Se os militares em um ano não foram capazes de alterar em absolutamente nada a grave situação que acomete o povo Yanomami, fica claro que não interessa aos povos indígenas a sua permanência na região. No entanto, ao velho Estado, a crescente presença militar no território amazônico parece interessar, e o histórico de militarização na região pode explicar o porquê.
Em 2019, após o fatídico episódio do “Dia do Fogo”, onda de queimadas provocadas por latifundiários sobretudo na Amazônia, o então vice-presidente Hamilton Mourão decretou a Garantia da Lei e da Ordem (GLO) na Amazônia, levando à região militares do Exército reacionário. Na ocasião, organizações camponesas, como a Liga dos Camponeses Pobres (LCP), denunciaram que os militares em GLO aumentaram ostensivamente sua presença em locais onde sequer haviam incêndios, mas sim em Áreas Revolucionárias, revistando casas e interrogando camponeses acerca das “lideranças do movimento”.
Os anos de 2020, 2021 e 2022 foram marcados pela agudização da luta pela terra na Região Amazônica, com destaque às lutas do Acampamento Manoel Ribeiro e Acampamento Tiago Campin dos Santos, em Rondônia, organizados pela LCP. Na ocasião, uma megaoperação coordenada pelo Exército reacionário que mobilizou a Força Nacional e a Polícia Militar (PM) realizou um cerco que levou ao assassinato dois camponeses.

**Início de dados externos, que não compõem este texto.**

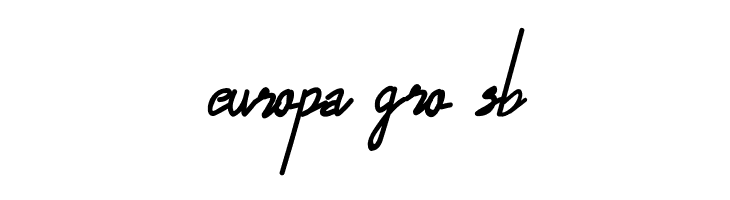 Alfrida Signature  Free Fonts Download
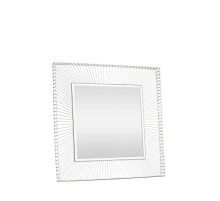 Зеркало Eglo MASINLOC 425021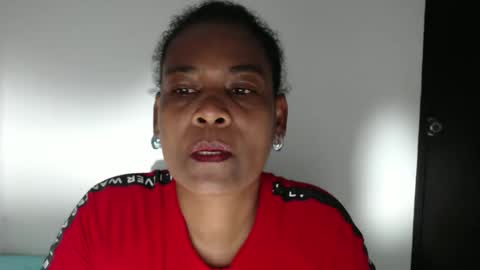 luxa online show from November 2025 12:38:02 PM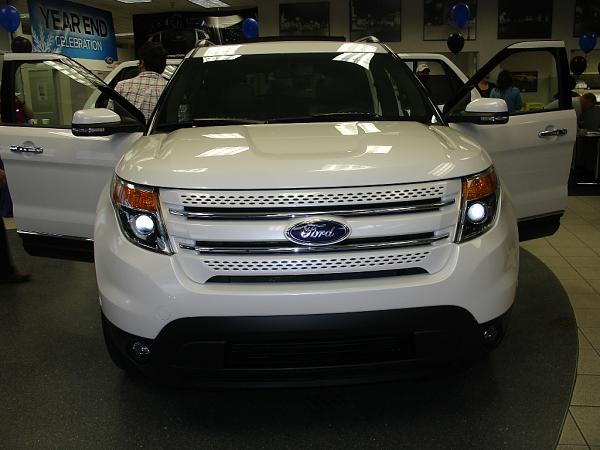 2011 Explorer Reveal!-fall-2010.2-087.jpg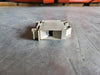 WEIDMULLER Terminal Block WDU 35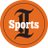 Philadelphia Inquirer Sports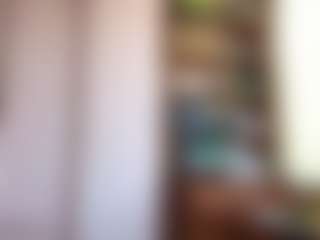Amelia's Live Sex Cam Show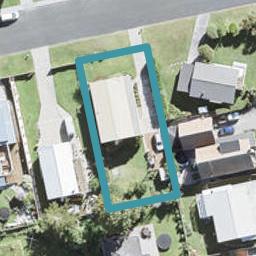 24 Snells Beach Road, Snells Beach, Snells Beach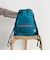 【Drifter/ドリフター】EASY KNAPSACK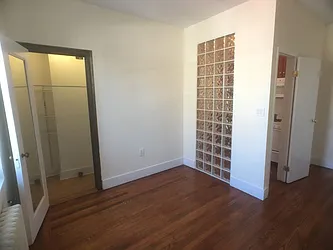 Rented by Connected Realty Group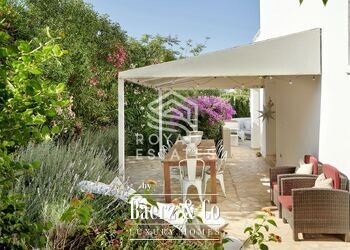 Santa Eul\u00e0ria des Riu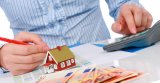 Россиянам упростят уплату имущественных налогов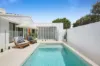1/104 Christine Avenue, Burleigh Waters, Qld 4220-Image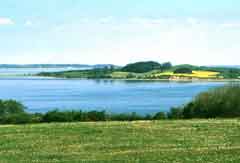 Barsø Syd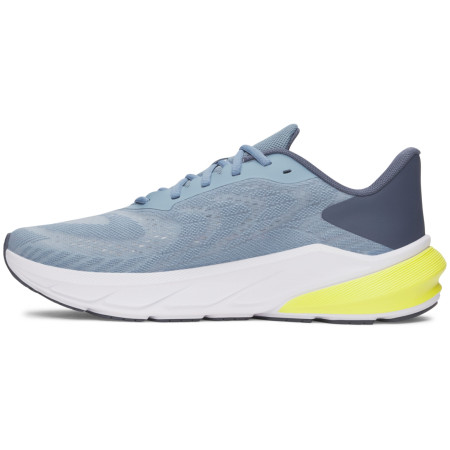 Pánske bežecké topánky Under Armour Turbulence 3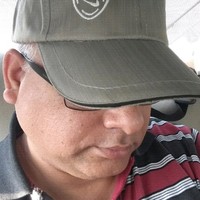 ARIF ALI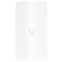 WLAN Access Point Ubiquiti Wave AP Micro - Wave-AP-Micro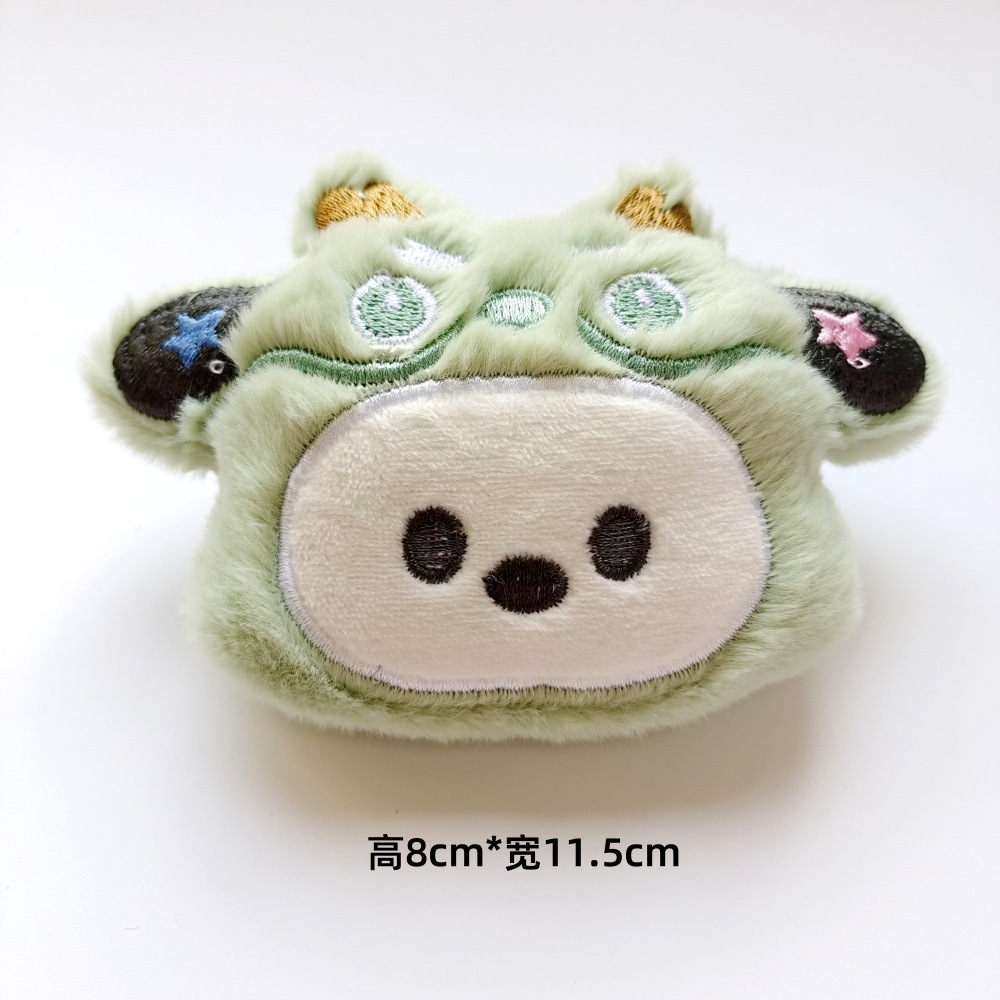 c4e081194d4de00dc17b5f4bbc1b19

Ao decretar a presença permanente das Forças Armadas reacionárias na TI Yanomami, Luiz Inácio não soluciona o problema. Afinal, soluções de fato para o garimpo, como a entrega de terras para os camponeses aliciados e levados aos campos de mineração pelos grandes empresários e latifundiários coordenadores da operação, não são encaminhadas pelo governo. Resta, assim, maquiar a situação, e usar como pretexto para seguir com os planos de militarização da Amazônia para repressão dos que lutam pela terra na região.